Minus 28 Millionen? Oder doppelt so viel? – Ein Blick hinter die Kulissen des Zürcher Gesundheitssystems
2025-03-29
Autor: Louis
Am Dienstag stellte der Finanzvorstand der Stadt Zürich im Verwaltungszentrum Werd die Rechnung für das Jahr 2024 vor: Ein Plus von stolzen 518 Millionen Franken.
Doch in dieser positiven Bilanz versteckt sich ein Minus von 56 Millionen Franken für das Stadtspital Zürich, das die Standorte Waid, Triemli, Andreas-Turm (in Oerlikon) sowie Europa-Allee betreibt.
Im Vorjahr betrug das Defizit sogar 79 Millionen Franken – ein ernstes Signal für die Gesundheitsversorgung in der Stadt.

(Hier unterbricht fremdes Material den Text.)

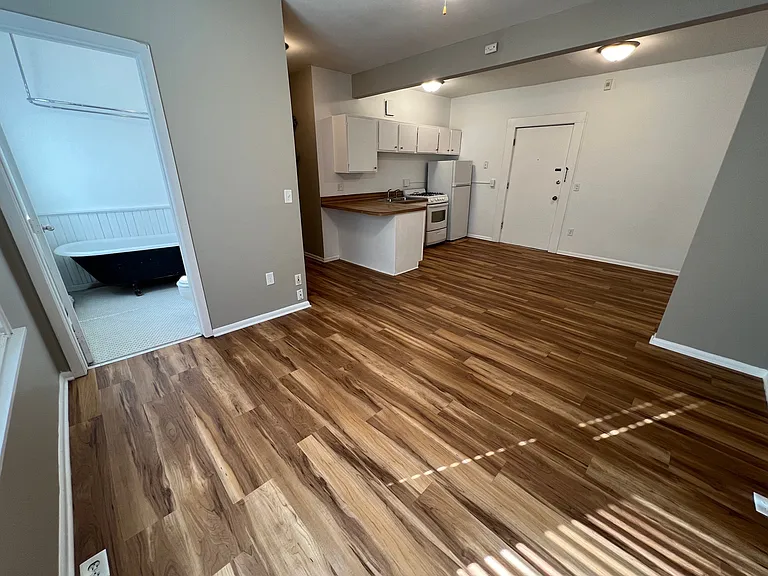 Stevens Square Apartments — Photo 27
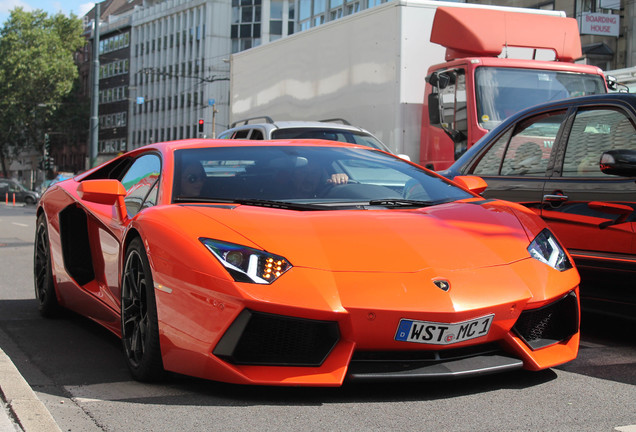 Lamborghini Aventador LP700-4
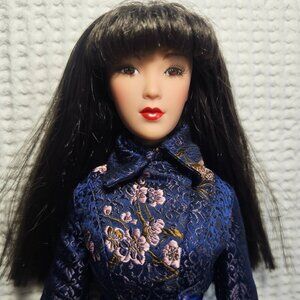 2002 Madame Alexander Doll - Graphic Impact Jade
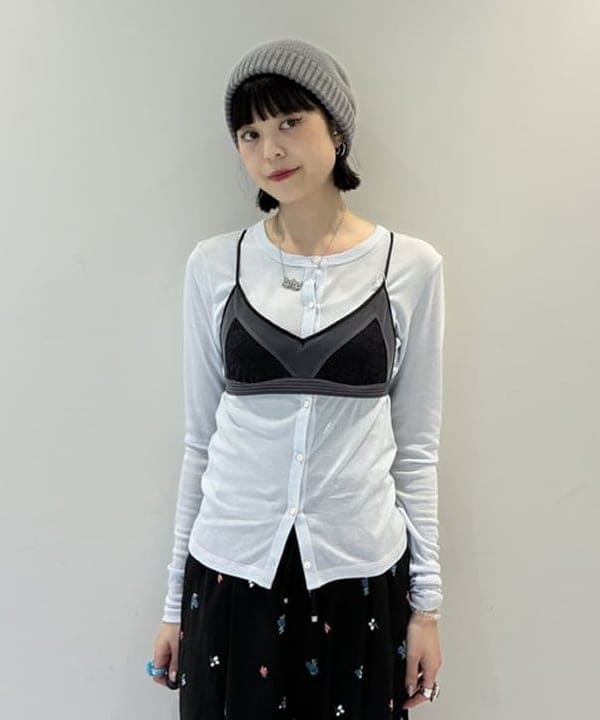 りかちょび/岸本梨佳さんの「BEAMS WOMEN｜PUMA / 1976 フルート グリップ バッグ」を使ったコーディネート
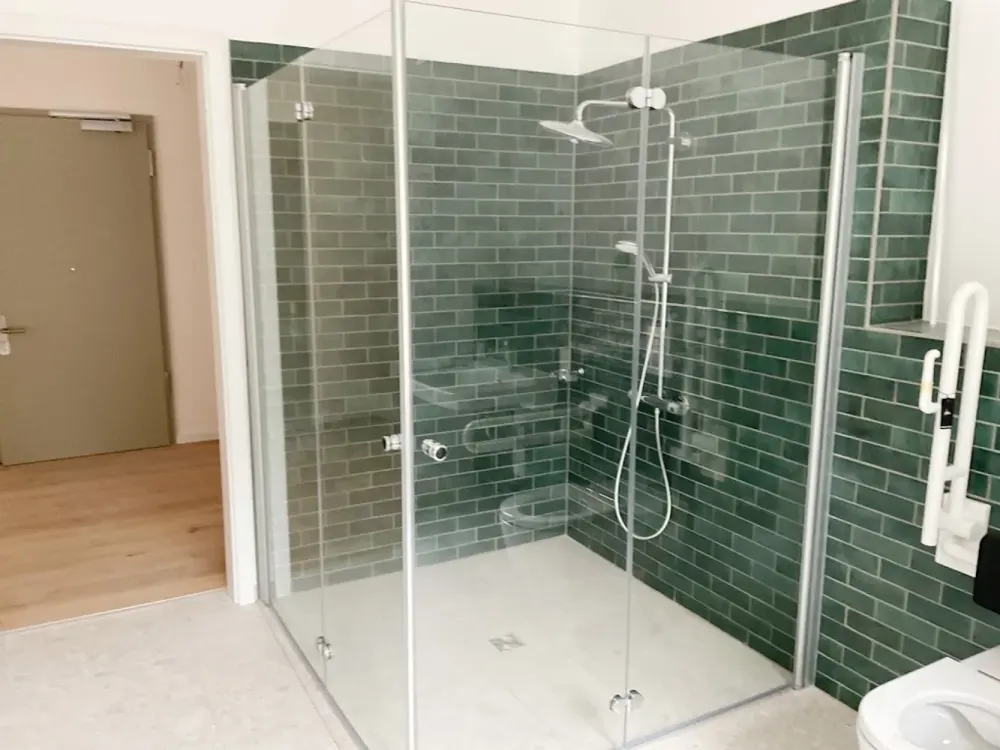 Barrier-free Apartment with Terrace, Stylish & Comfortable Living, Fitted Kitchen, Daylight Bathroom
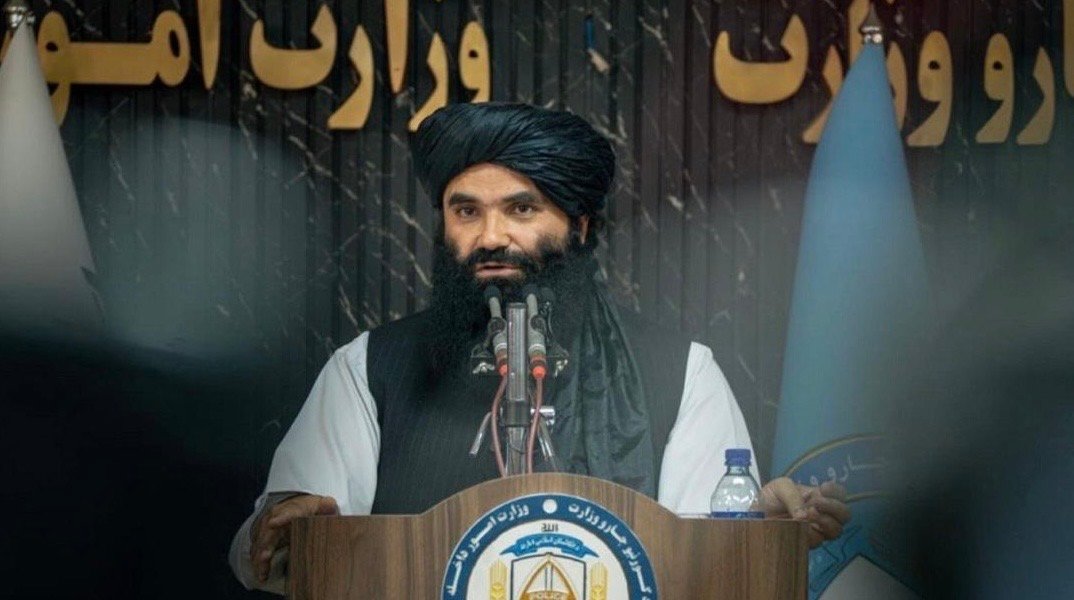 حقانی: ملاعمر بنیان&zwnj;گذار نظام اسلامی و ناجی افغانستان بود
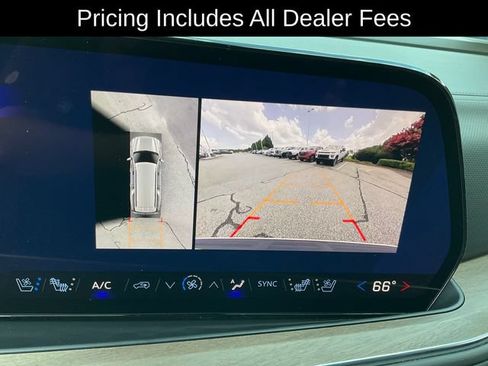 Used 2025 Chevrolet Suburban High Country AWD/4WD image 15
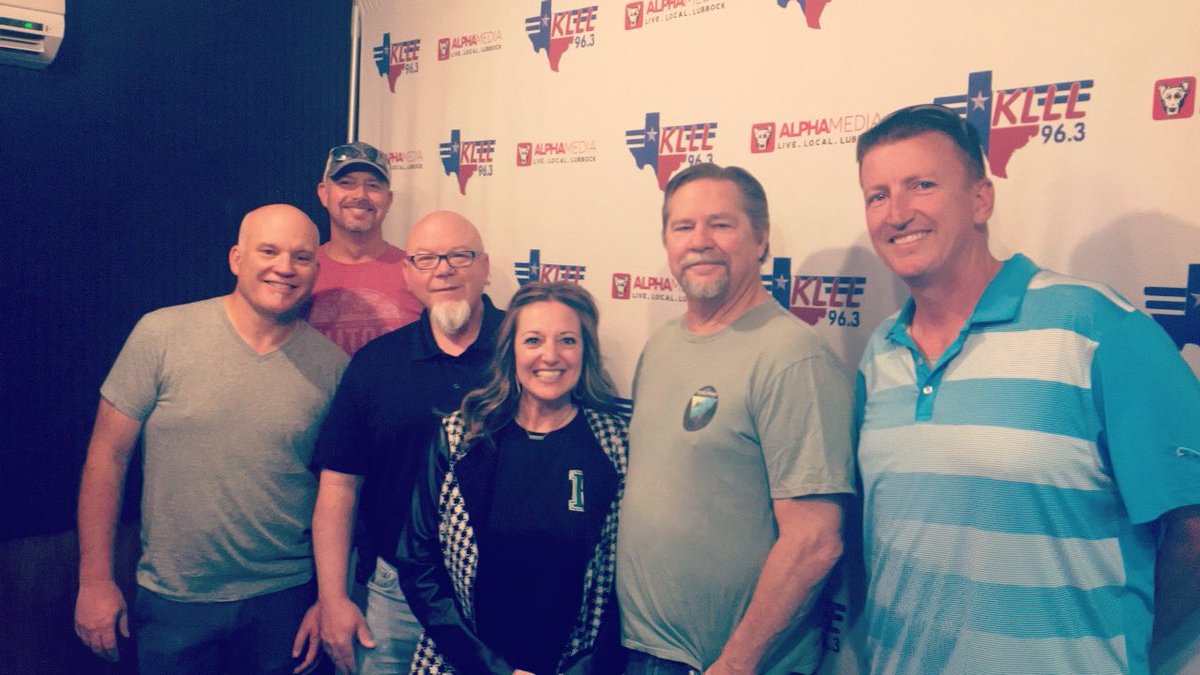 JeffScottRadio's tweet photo. Thanks to the #Spur327 band for stopping by @TheJMMShow today https://t.co/IF45aF2c4j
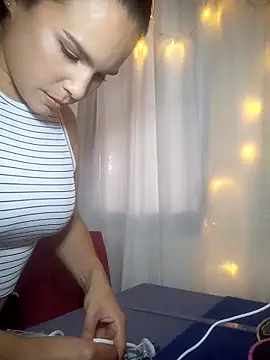 Snapshot of Arisbet333 chatting on November 2025 09:14:01 PM Arisbet333 online show from November 2025 09:14:01 PM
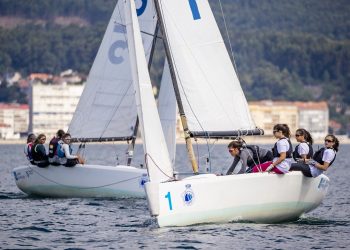 El Náutico de Vigo lleva a Galicia al liderato de la Regata de la Mujer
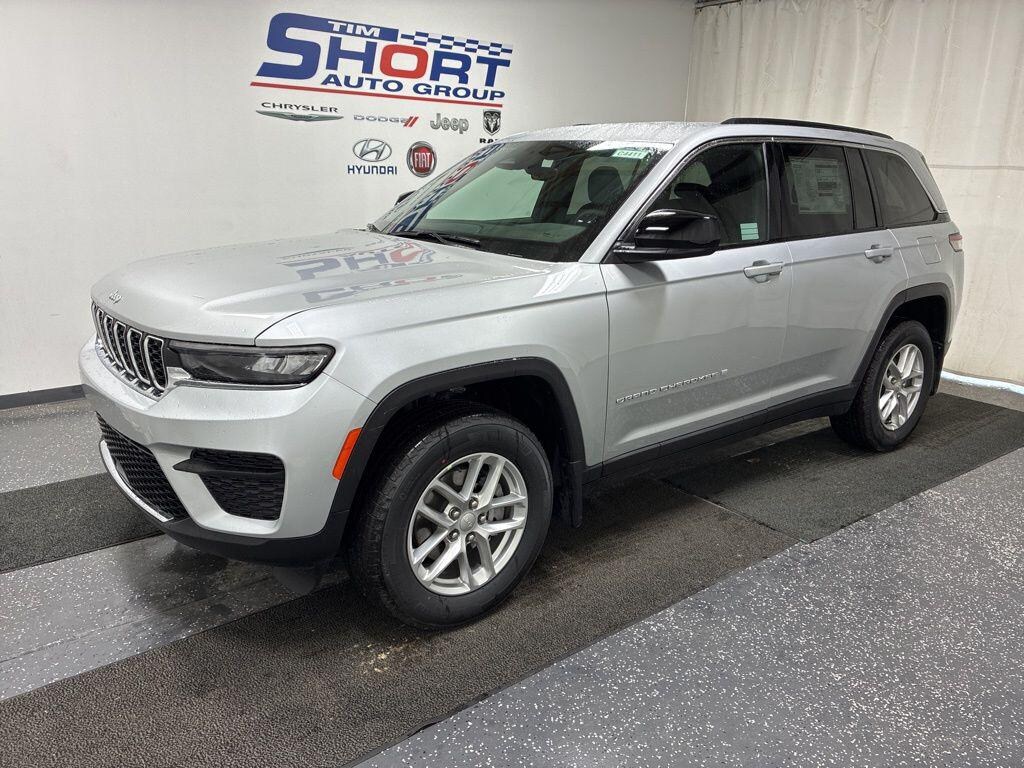 New 2026 Jeep Grand Cherokee Laredo 4x4 SUV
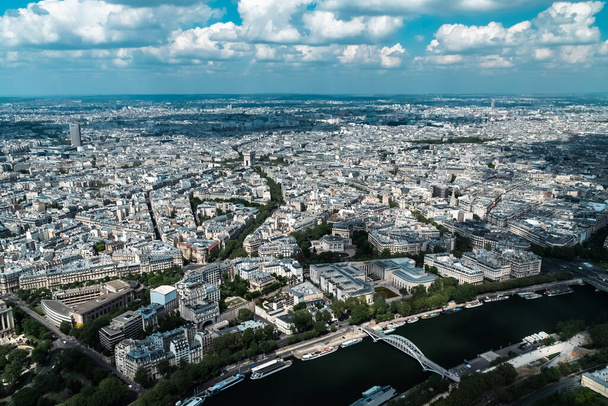 París panorámica desde la Torre Eiffel y vista del río Sena. París, Francia.  - Foto, Imagen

Trotz der beeindruckenden Überschüsse wird die anhaltende finanzielle Misere des Spitalwesens schlichtweg ignoriert, während die Euphorie über die Überschüsse die öffentliche Aufmerksamkeit auf sich zieht. Zwei Tage später berichtete das Stadtspital in gewohnter optimistischer Art von einem „starken Wachstum bei Leistungen und Patient*innen im Jahr 2024“. Die Zahlen der Patient*innen und Geburten stimmen zwar mit den amtlichen Angaben überein, doch die finanziellen Verluste sind alarmierend unterschiedlich dargestellt.
Für 2024 wird nun nur ein Verlust von 28 Millionen ausgewiesen, für das Vorjahr „nur“ 39 Millionen. Das bedeutet: Die Verantwortlichen führen die Verlustzahlen im Einklang mit dem positiven Narrativ an – die tatsächlichen Verluste sind um das Doppelte höher als angegeben.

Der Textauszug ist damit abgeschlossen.